Глава 21. Тарнов в декабре 1920 года. Отставка Вишницера. Мой уход
В начале декабря Василько и я были приглашены в Тарнов. Петлюра и правительство хотели ближе ознакомиться с положением дела за границей. Василько больше всех мог осветить вопрос о польско-французской ориентации. Я был в курсе английской политики, кроме того, я только что побывал в Женеве.
Наконец, был решен вопрос об отозвании Тышкевича, с опозданием на целый год… Его заместителем был назначен Шульгин.
Маленький, но опрятный городок Тарнов был переполнен украинцами. Тут помещалась и ставка Петлюры, и все министерства. На улицах встречалось множество украинских солдат. В ресторанах и кафе только и раздавалась украинская речь. Местное польское и еврейское население имело свой домашний угол. Бездомные же украинцы, пользующиеся в Тарнове гостеприимством Польши, поневоле искали пищи и уютного тепла в ресторанах и кофейнях.

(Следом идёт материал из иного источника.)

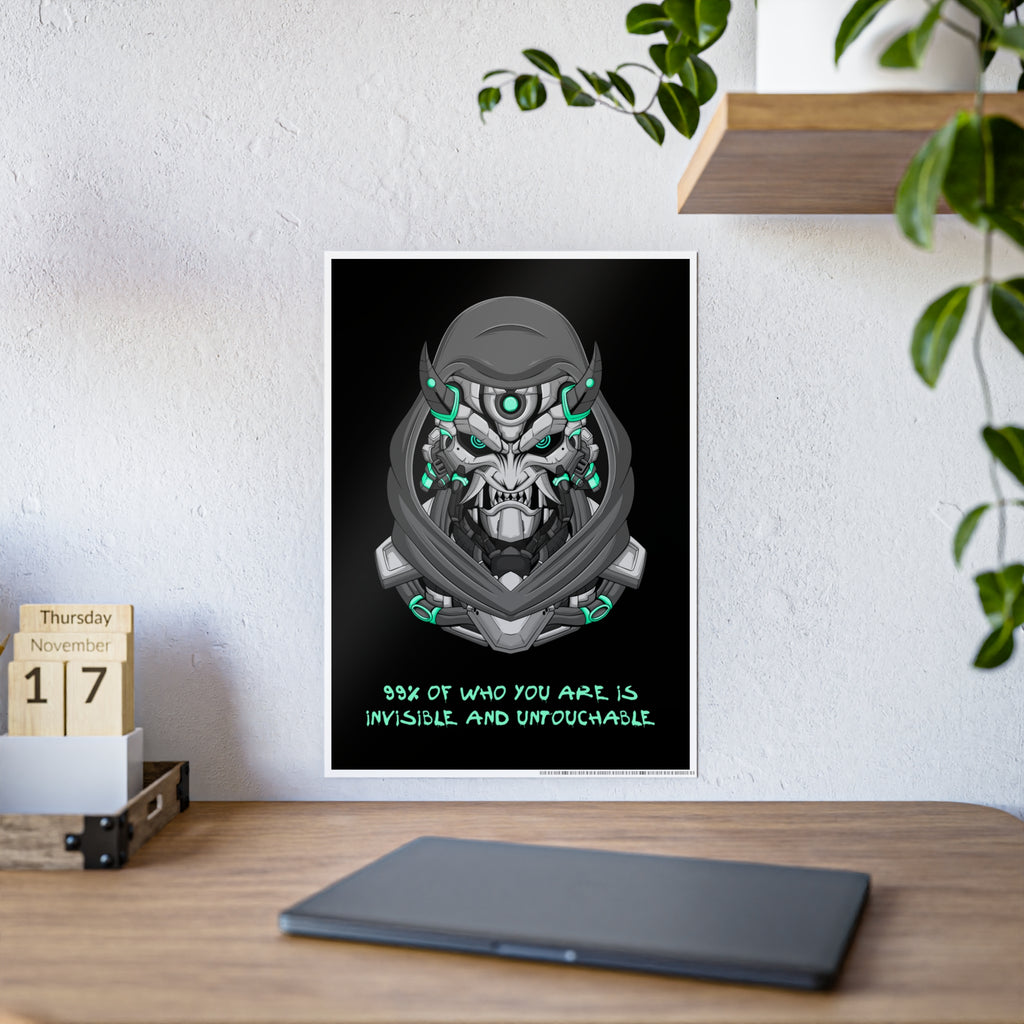 Cyborg Assassin Poster | Futuristic Wall Art | Ninja Mask Quote Print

Только здесь, в Тарнове, можно было понять, сколь велик был огонь патриотизма, горевший в груди собравшихся здесь украинцев, остатков административного аппарата и представителей политических партий. В Министерстве иностранных дел, которое помещалось в одной из гостиниц, в наиболее просторной комнате сидело не менее 20 душ, из которых большинство весь день стучало на пишущих машинках… В этой же комнате, в углу, работал и сам Никовский, и директора департаментов… В двух других маленьких комнатах теснились остальные работники министерства.

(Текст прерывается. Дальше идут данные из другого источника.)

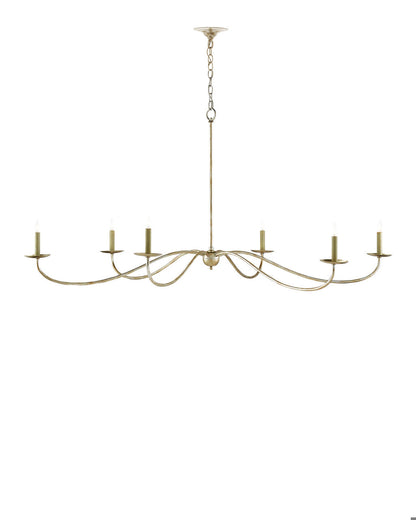 Currey and Company Saxon Large Silver Chandelier Silver Granello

Люди познаются больше в несчастии, нежели в зените успеха. Это старое правило. За те три дня, которые мы пробыли в Тарнове, я трижды виделся с Петлюрою. Его трезвые государственные взгляды, безграничная любовь к Украине, умение ориентироваться и отчетливое знание всего, что происходило за границей, на сей раз обнаружились еще рельефнее, чем во время встречи в Каменец-Подольском. Он снова как бы вырос. Все муки, выпавшие на долю этого человека, всякие обвинения, сознание огромной ответственности закалили его. Он продолжал оставаться на своем посту.

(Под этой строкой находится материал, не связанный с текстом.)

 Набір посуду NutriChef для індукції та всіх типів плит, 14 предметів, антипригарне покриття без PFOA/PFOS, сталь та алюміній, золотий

Очень хорошее впечатление произвел на меня Омельянович-Павленко, настоящий боевой генерал, прямой, открытый. Украинская армия, бывшая в это время на территории польской Галиции, насчитывала около 30 000 человек. Это было ядро, которое сохранялось на случай перемены обстоятельств в качестве первых кадров будущей армии.
В составе правительства я встретил всех старых знакомых и друзей. Премьером был А. Н. Левицкий, товарищ по адвокатуре, бывший подсудимый по делу Лубенской обороны евреев от погромов. Министр внутренних дел Саликовский был так близок и памятен по редакции «Киевских откликов», по всероссийскому съезду Народно-социалистической партии. Никовский, Прокопович, Зайцев были товарищами по партии. Корчинский, не входивший в это время в состав правительства, был тут же и болел по-прежнему душою за те неслыханные квалифицированные страдания, которые выпали в огне анархии на долю еврейского народа. Красный обрадовал меня своей неизменной стойкостью. Он не разлучался с правительством, все видел и все знал. Но он огорчил меня сообщением, что при спешных отступлениях армии он растерял почти весь свой архив и данные о погромах, о еврейско-украинских отношениях и т. д. Он состоял в очень добрых отношениях с Омельяновичем-Павленко, который все время, и теперь, и раньше, принимал, по его словам, самые решительные меры против еврейских погромов, начиная от пропаганды и личных выступлений пред войсками и кончая расстрелами погромщиков на месте преступления. Впоследствии, в июле 1921 года, когда писалась настоящая книга, в мое распоряжение поступили, наконец, некоторые документы о такого рода мерах борьбы украинского правительства и представителей Верховного командования армией с погромами. На содержании этих документов я останавливаюсь в следующей главе.